Juniper Public

> From: Marcin Jaczewski <marcinjaczewski86@gmail.com <mailto:marcinjaczewski86@gmail.com>>

> Date: Friday, October 20, 2023 at 1:18 PM

> 

> > I'd argue that would be less confusing for programmers, faster for preprocessing stage, and less error-prone than trying to convert formats using macros.

 

> Is preprocessor stage a bottleneck in compilation aside from

> `#include`? Overall most cost will be similar to `_X` as needed to do

> the same work.

 

I was thinking more about all the little string-literals for every substring, that would be created for each f/x-string.

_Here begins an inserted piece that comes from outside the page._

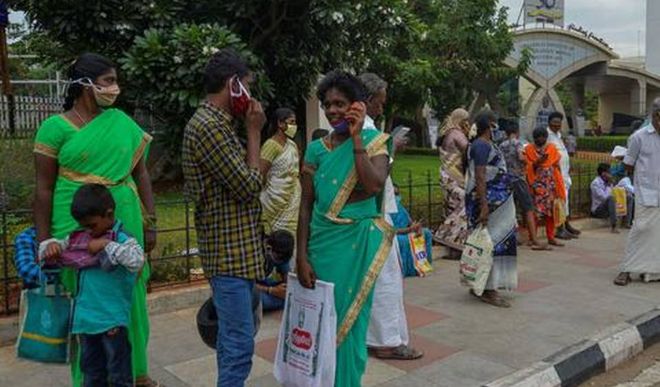 पुडुचेरी में कोरोना पुडुचेरी में कोरोना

Both for the preprocessor and then concatenation right afterwards.

 

But of course I have no data to back up any claim of performance differences, since this proposal is not implemented. I do know that some people complain about preprocessing performance in general in public forums, but I don’t know what they're doing/details. They could be very wrong. It just makes me cautious of preprocessing perf, is all. But maybe I'm overthinking it.

 

Anecdotally: in our own build times the preprocessing time is not trivial, but I do _not_ know which parts of its internals are consuming time vs. others. Regardless, it's still all small potatoes relative to everything else (especially template instantiation) - but at my work we just happen to use distcc in non-pump-mode, so preprocessing is more noticeable because it happens locally vs. everything else which happens in parallel on distcc server farms.

 

 

> And even if C would add new print family then not everybody could use

> this new C function like freestanding,

> or already compiled third party libraries that will not be updated but

> use `%` like formats.

 

I get it, but it just feels wrong to do it that way to me, personally.

 

Like even if we wanted to support printf's format (or WG14 did), I would think it would be better to just create a new builtin operator to do that, rather than use a combination of a builtin and macro tricks to solve it.

 

It would generate better error messages, be less brittle, and be more efficient (even if efficiency doesn't matter). No?

 

 

---

 

For example, suppose we created a `P""` p-string-literal type, which is like an X"" except it converts to a %-based format for use in printf() and such.

 

And we specify the preprocessor takes that p-string-literal and invokes a _Pstring() macro with it. (shown below)

 

And we create a _XtoPstring() operator that is variadic, and which converts its first argument from a format-string string-literal to %-based format.

 

And "_Xtract()" is the name of the builtin we were previously calling "_Xstring()", that takes the interpolation-format string and extracts it into separate tokens.

 

 

So we’d do this:

 

    #define _Pstring(...) _XtoPstring( _Xtract( _Concat( __VA_ARGS__ ) ) )

 

Usage:

 

    printf(P"name={name:s} value={i:d}");

 

 

And the processing steps:

 

1. => printf( _Pstring( _XtoPstring( _Xtract( _Concat( P"name={name:s} value={i:d}" ) ) ) ) )

 

2. => printf( _Pstring( _XtoPstring( _Xtract( P"name={name:s} value={i:d}" ) ) ) )

 

3. => printf( _Pstring( _XtoPstring( "name={:s} value={:d}", name, i ) ) )

 

4. => printf( _Pstring( "name=%s value=%d", name, i ) )

 

5. => printf("name=%s value=%d", name, i);

 

 

Meanwhile these would be the ones for x-string and f-string in C++:

 

    #define _Xstring(...) _Xtract( _Concat( __VA_ARGS__ ) )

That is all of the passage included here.